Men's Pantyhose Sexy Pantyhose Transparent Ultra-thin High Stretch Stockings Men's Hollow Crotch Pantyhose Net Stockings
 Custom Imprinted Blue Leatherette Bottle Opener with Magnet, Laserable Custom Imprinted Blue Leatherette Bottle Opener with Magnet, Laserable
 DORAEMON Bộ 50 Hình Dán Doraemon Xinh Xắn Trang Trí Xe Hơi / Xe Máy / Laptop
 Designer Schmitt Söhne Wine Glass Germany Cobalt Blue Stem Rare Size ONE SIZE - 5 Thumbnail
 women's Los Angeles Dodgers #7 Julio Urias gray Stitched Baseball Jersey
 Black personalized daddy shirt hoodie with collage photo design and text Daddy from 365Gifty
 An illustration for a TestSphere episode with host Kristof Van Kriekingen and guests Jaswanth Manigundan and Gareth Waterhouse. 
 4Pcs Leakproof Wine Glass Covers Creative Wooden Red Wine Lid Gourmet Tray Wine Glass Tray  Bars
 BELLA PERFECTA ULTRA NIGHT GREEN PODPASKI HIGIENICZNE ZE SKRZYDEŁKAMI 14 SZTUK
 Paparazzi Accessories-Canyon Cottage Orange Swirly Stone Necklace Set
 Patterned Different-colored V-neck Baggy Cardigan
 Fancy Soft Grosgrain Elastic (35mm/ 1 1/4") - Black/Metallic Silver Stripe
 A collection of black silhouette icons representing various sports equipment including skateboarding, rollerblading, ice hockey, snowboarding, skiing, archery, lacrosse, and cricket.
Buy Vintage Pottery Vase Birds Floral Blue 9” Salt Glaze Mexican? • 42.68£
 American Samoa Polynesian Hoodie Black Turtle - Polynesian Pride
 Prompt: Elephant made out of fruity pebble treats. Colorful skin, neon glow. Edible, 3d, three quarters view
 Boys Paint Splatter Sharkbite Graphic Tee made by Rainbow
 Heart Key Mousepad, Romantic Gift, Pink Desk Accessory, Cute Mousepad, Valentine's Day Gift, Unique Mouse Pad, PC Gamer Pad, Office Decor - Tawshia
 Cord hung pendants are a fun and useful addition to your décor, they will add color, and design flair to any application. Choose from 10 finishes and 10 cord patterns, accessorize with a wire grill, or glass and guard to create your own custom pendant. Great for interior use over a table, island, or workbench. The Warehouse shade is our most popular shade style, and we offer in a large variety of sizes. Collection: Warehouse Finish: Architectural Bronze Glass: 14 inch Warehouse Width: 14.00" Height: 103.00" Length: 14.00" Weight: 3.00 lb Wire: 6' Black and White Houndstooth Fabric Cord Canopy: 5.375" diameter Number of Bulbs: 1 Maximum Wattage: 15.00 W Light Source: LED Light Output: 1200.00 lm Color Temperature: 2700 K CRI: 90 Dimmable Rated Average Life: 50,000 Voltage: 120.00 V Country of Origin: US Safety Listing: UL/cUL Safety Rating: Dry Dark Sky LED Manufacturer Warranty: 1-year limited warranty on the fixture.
================
# [YOUR GOAL]
In the records above, find the line with "Buy Vintage Pottery"; write out exactly that line and each one after it, stopping after the line with "Heart Key Mousepad, Romantic".

# [ANSWER TO THIS EXERCISE]
Buy Vintage Pottery Vase Birds Floral Blue 9” Salt Glaze Mexican? • 42.68£
 American Samoa Polynesian Hoodie Black Turtle - Polynesian Pride
 Prompt: Elephant made out of fruity pebble treats. Colorful skin, neon glow. Edible, 3d, three quarters view
 Boys Paint Splatter Sharkbite Graphic Tee made by Rainbow
 Heart Key Mousepad, Romantic Gift, Pink Desk Accessory, Cute Mousepad, Valentine's Day Gift, Unique Mouse Pad, PC Gamer Pad, Office Decor - Tawshia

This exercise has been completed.